Raymond miró al hombre con admiración. No había caído en la cuenta de que estaba por comenzar la Semana Santa porque siempre había vivido al margen de cualquier acontecimiento religioso y su vida jamás había estado marcada por las celebraciones cristianas. En el castillo jamás se había celebrado la Navidad, y mucho menos habían estado pendientes de la Semana Santa.
– Muy apropiado. Pero dígame, tengo una curiosidad: ¿qué dirán sus jefes sobre estos atentados? No hace mucho un grupo de ulemas se reunió con el Papa y hablaron de la necesidad de ahondar en el diálogo entre las religiones monoteístas.

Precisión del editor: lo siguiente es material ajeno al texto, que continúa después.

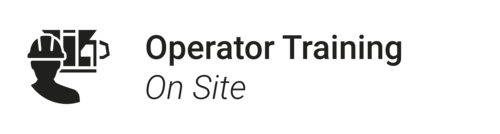 亚游集团·ag8(中国游)官网 -只為非同凡享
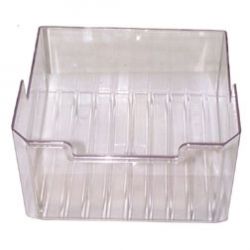 Norcold Refrigerator Crisper / Ice Bin 619007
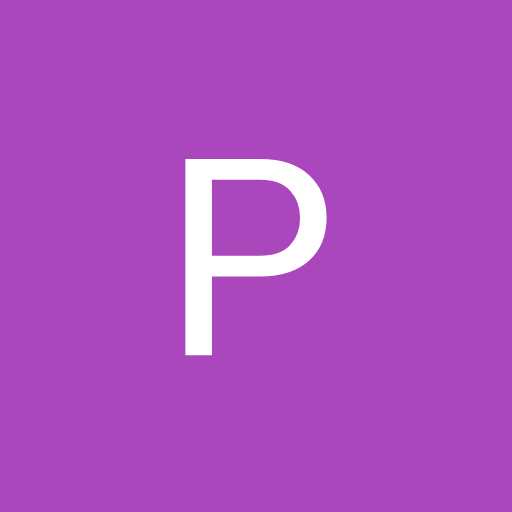 Pushpa R. - Software developer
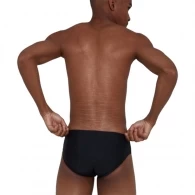 Плавки Speedo ALLOVER DIGI 7CM BRIEF AM thumbnav 3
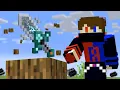 Lagu Minecraft, but Drops are Avaritia 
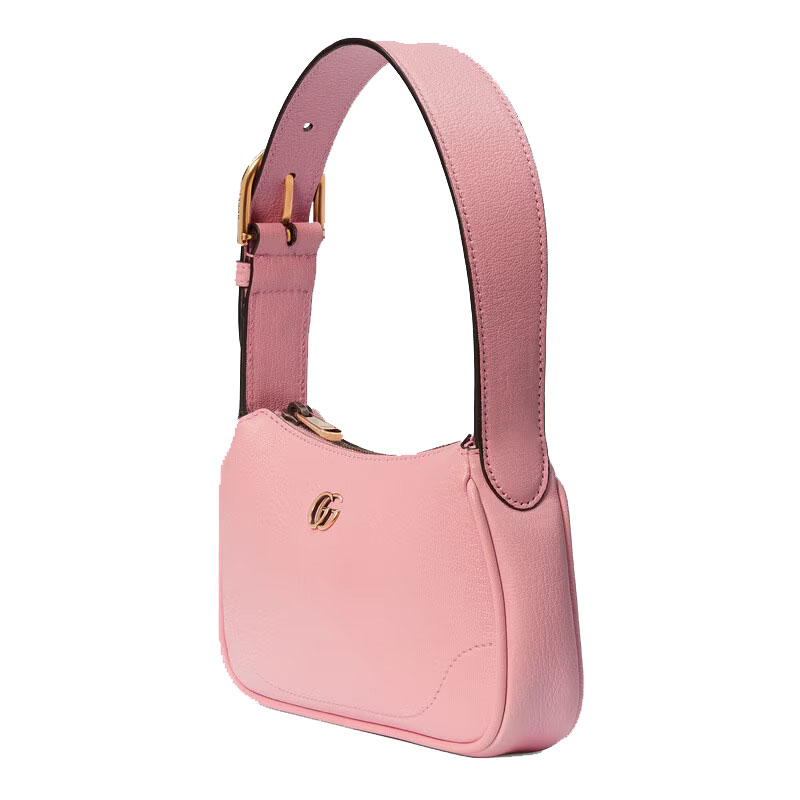 Aphrodite mini shoulder bag – GB184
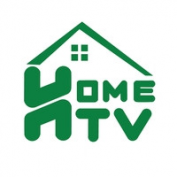 Công Ty TNHH Thương Mại Dv Home Tv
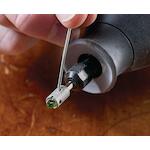 dremel_26150663jb
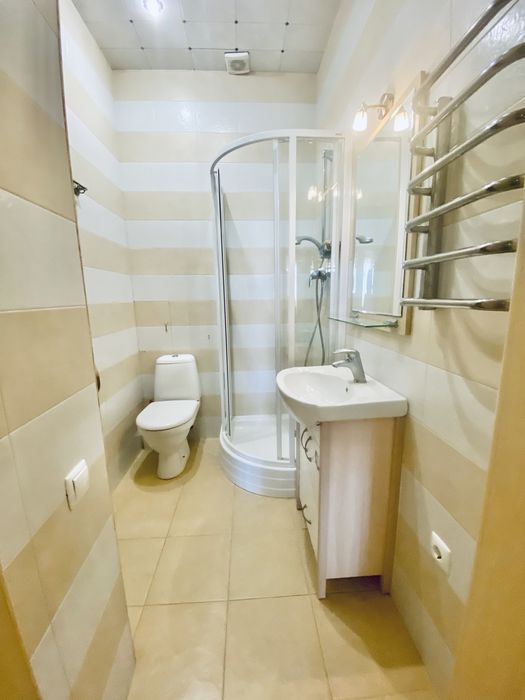 3-rooms apartment apartment by the address st. Primorskaya (area 126 m²) - Atlanta.ua - photo 18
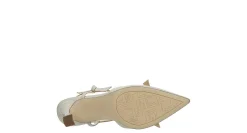 WOMENS HANNER PUMP><noscript><img width=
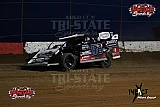 May 8th, 2026 - USMTS Red, White & Blue Nationals - Night 1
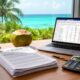 The Cost of Incorporating in Belize: What You Really Need to Budget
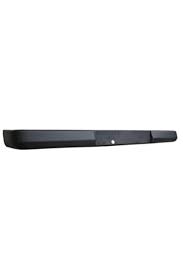 <br />
<b>Notice</b>:  Undefined index: brand_name in <b>/home/otopar10/public_html/store/product.php</b> on line <b>1790</b><br />
<br />
<b>Notice</b>:  Undefined index: category_name in <b>/home/otopar10/public_html/store/product.php</b> on line <b>1790</b><br />
 Ön Tampon Bandı 1248851021 - S.E 124 (1985-1992) -  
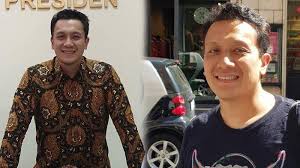Explore tweets of diaz hendropriyono @dhendropriyono on twitter. Q0loayawfru6im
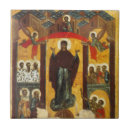 Suche nach ikonen fliesen Russisch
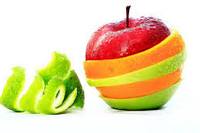 Продукты, богатые витаминами Продукты, богатые витаминами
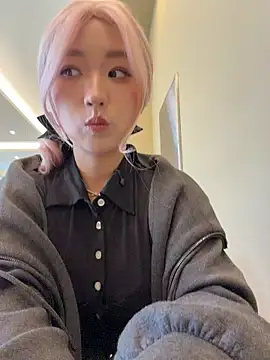 winter11 online show from March 7, 6:31 am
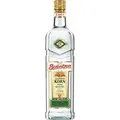Produktbild: Berentzen Traditions Korn Feine Qualität seit 1758 | 32 % vol | 0,7 l
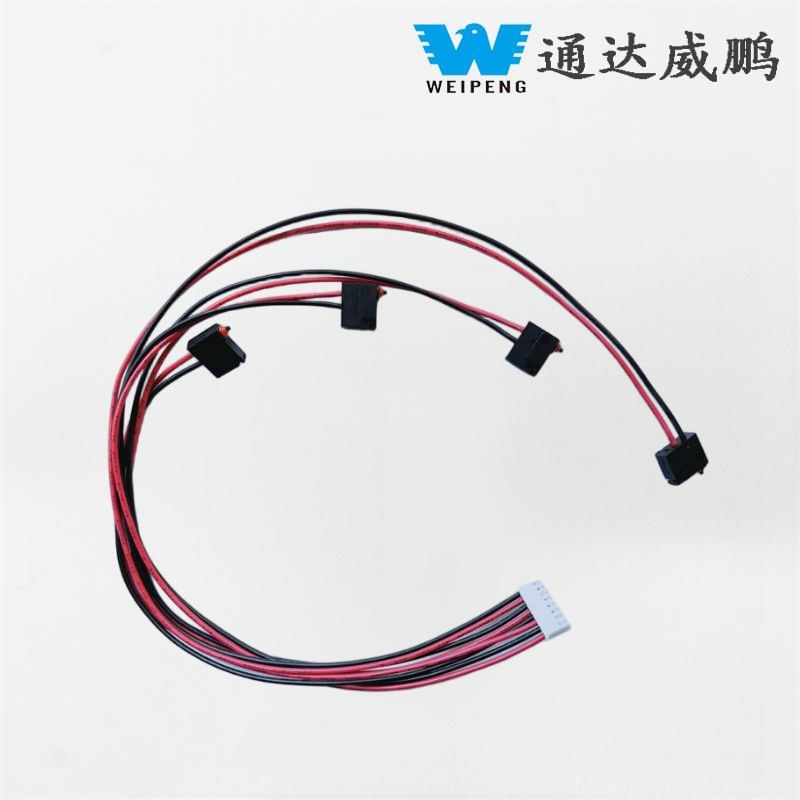 Θερμοσίφωνας με IP67 Αδιάβροχο Διακόπτη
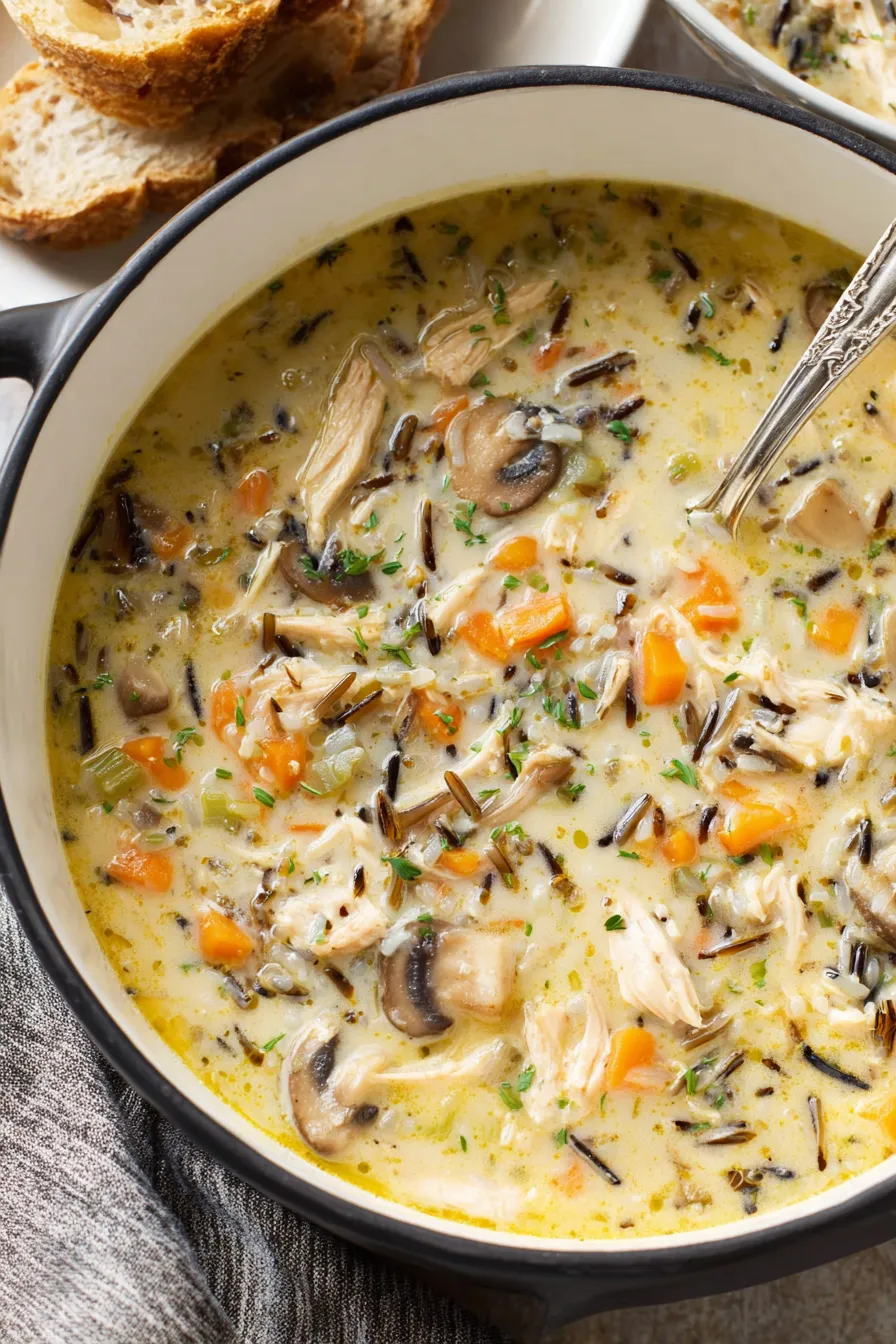 User provided content image 2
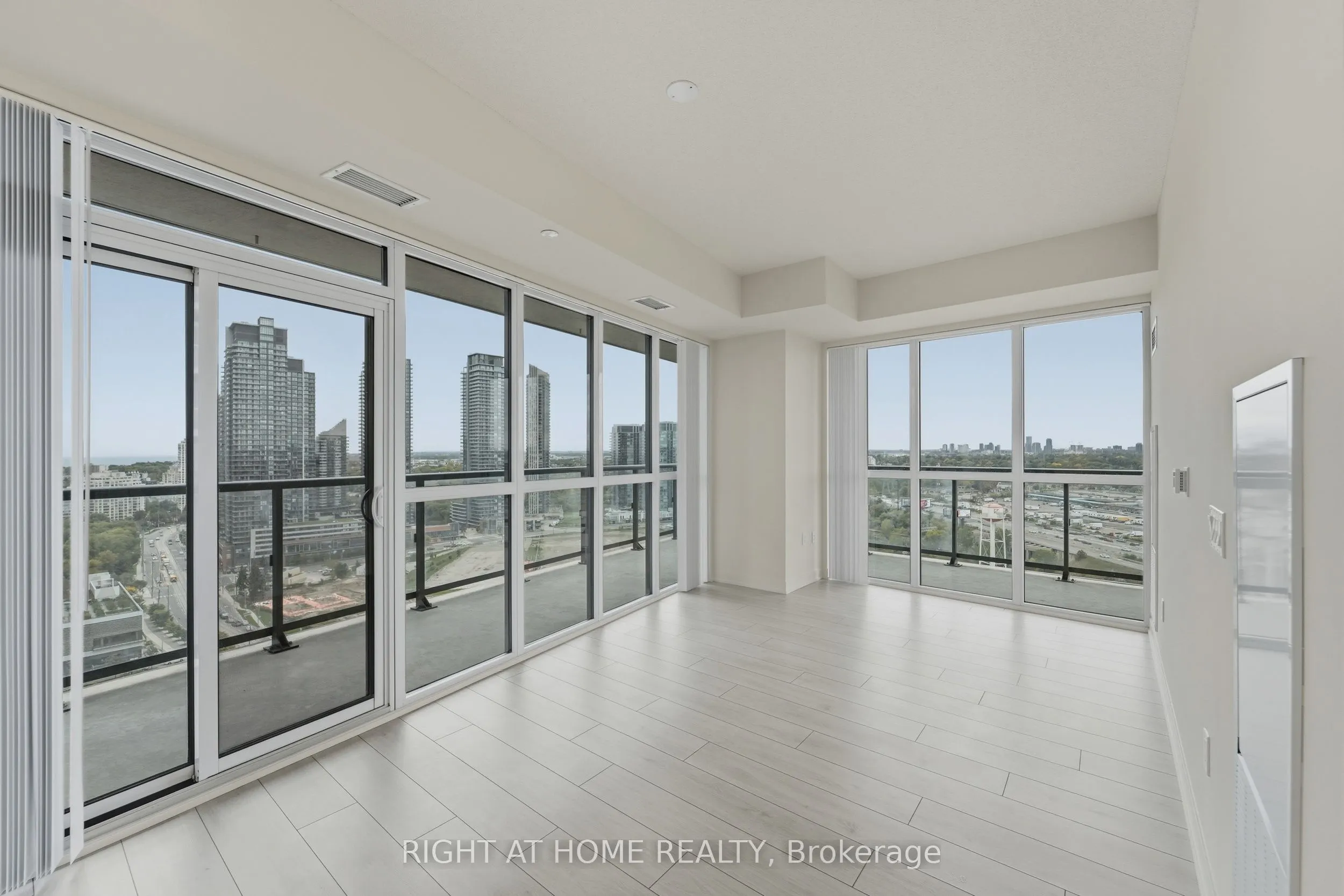 38 Annie Craig Drive, #2308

– Así es, pero nosotros estamos en guerra, en guerra contra los infieles que no quieren convertirse a la verdadera fe. Los infieles deben saber que no tienen otra alternativa que convertirse o morir. Los cristianos han asesinado a miles de musulmanes en nombre de la cruz.
– Eso fue durante las Cruzadas… -dijo riéndose Raymond.
– No, han continuado matándonos, invadiéndonos, despreciándonos. Las Cruzadas, amigo mío, no han terminado; lo único es que ahora los cristianos no vienen a caballo sino en aviones con las entrañas cargadas de bombas que destruyen nuestros pueblos. Algunos de nuestros ulemas hablan de paz; son hombres buenos aunque ingenuos; pero también tenemos traidores entre nosotros que se han occidentalizado, que han olvidado quiénes son y la verdadera fe. Ellos también morirán.
Salim al-Bashir apuró la copa de borgoña mientras Raymond le observaba pensando que aquel profesor era la perfecta imagen del inmigrante asimilado. Nadie diría que aquel hombre con un impecable traje comprado en la elegante y exclusiva calle londinense de Savile Row no era una fotocopia del más exquisito caballero británico. Si algún día triunfaba la revolución islamista, difícilmente Salim al-Bashir se adaptaría a la austeridad que predicaba. ¿Renunciaría a comer con vino de Borgoña?
– Y ahora, amigo mío, debemos hablar de dinero -dijo Bashir con tono compungido.
– Creo que ya ha recibido la totalidad de lo acordado.
– No, ya le dije en nuestro último encuentro que no era suficiente. Mis hombres morirán, dejan familia y la familia es muy importante para nosotros. Las madres, las esposas, los hijos y hermanos de nuestros mártires deben apoyarles y no sumar la miseria al dolor de su pérdida.
– Recibirá lo que me pidió si todo sale bien.
– No; usted me lo dará antes de que llevemos a cabo la operación.
– La operación es de ambos, así lo convinimos.
– Nosotros no le necesitamos, es usted quien nos necesita.
Raymond no respondió. Bashir tenía razón. Él solo jamás habría podido llevar a cabo su venganza. Había sido el Facilitador quien había pensado en cómo aprovecharse de ambos, de Bashir y de él. El Círculo había recibido una buena inyección de dinero, y una parte seguramente se había quedado en alguna de las cuentas ultrasecretas de Bashir o de hombres como él. Pensó en sí mismo, en cómo ya había saboreado en sueños la dulzura de la venganza. Sí, le daría el dinero; al fin y al cabo, el grueso de la operación corría a cargo de esos hombres misteriosos a los que representaba el Facilitador.